§ About this exercise
Copy exactly the lines from the line holding "Netto Marken-Discount Denver" through the end of the material, and no others; pictures stay out.

Collected data below:

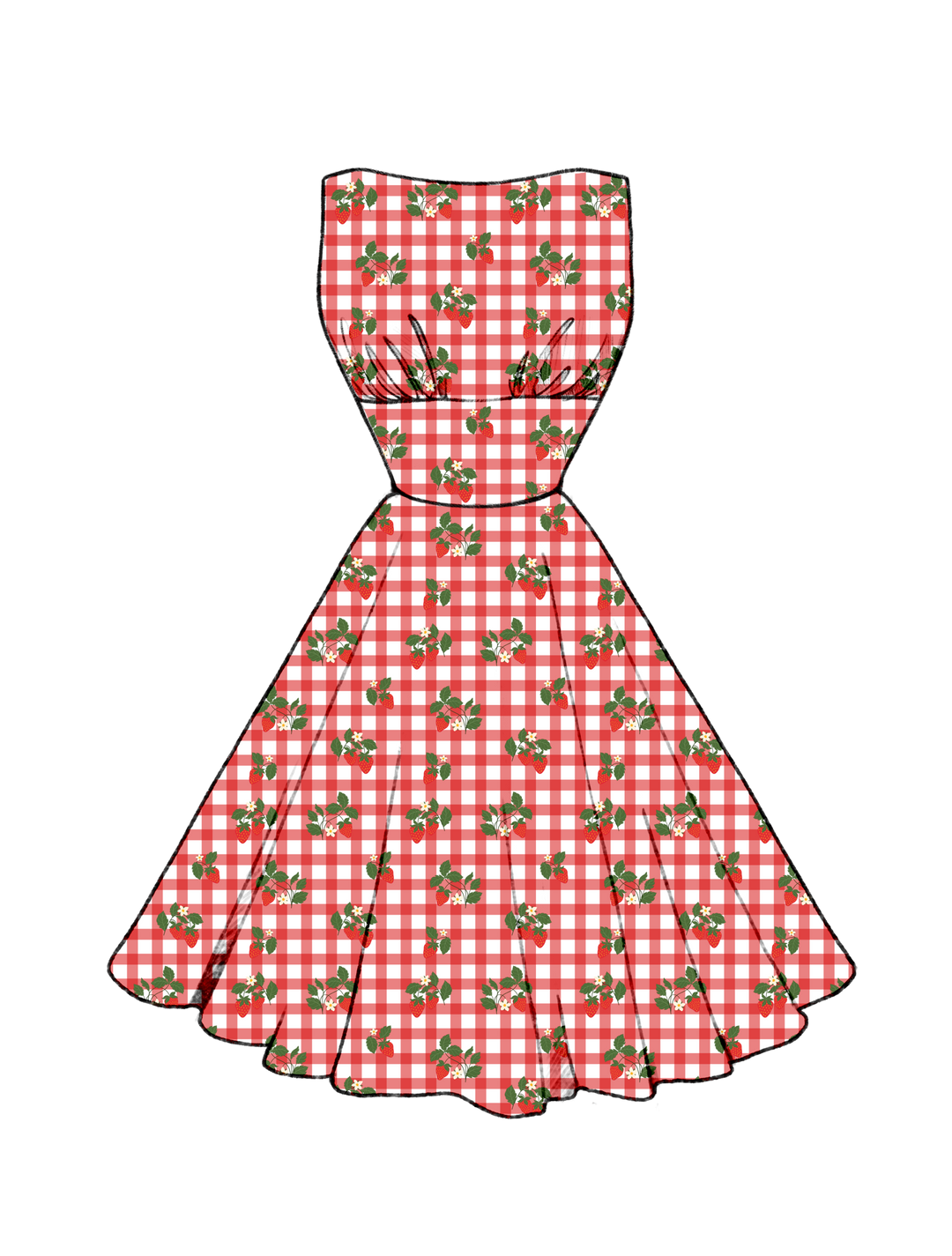PRE-ORDER NEW Fabric Strawberries on Red Gingham - By the Yard
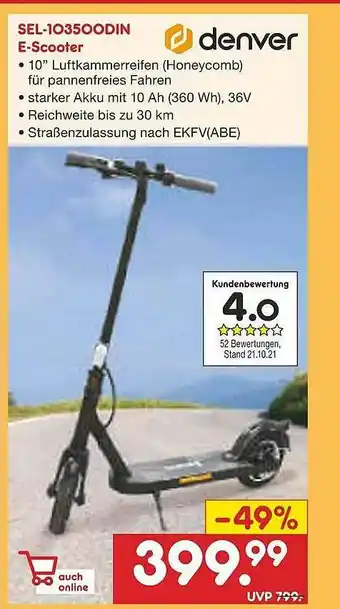 Netto Marken-Discount Denver Sel-103500din E-scooter Angebot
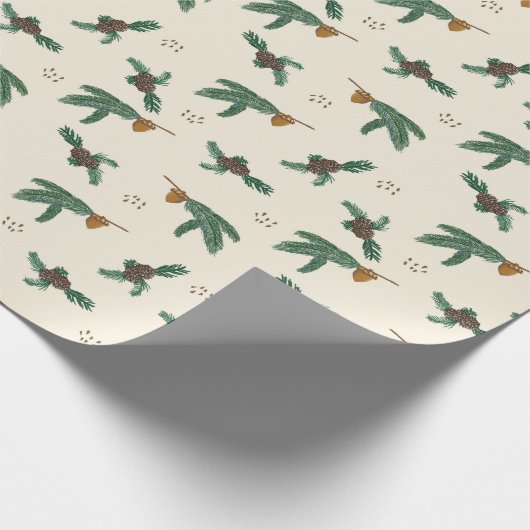 Acorne und Kiefernäste Geschenkpapier (Ecke)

End of Collected data.

§ Response
 Netto Marken-Discount Denver Sel-103500din E-scooter Angebot
 Acorne und Kiefernäste Geschenkpapier (Ecke)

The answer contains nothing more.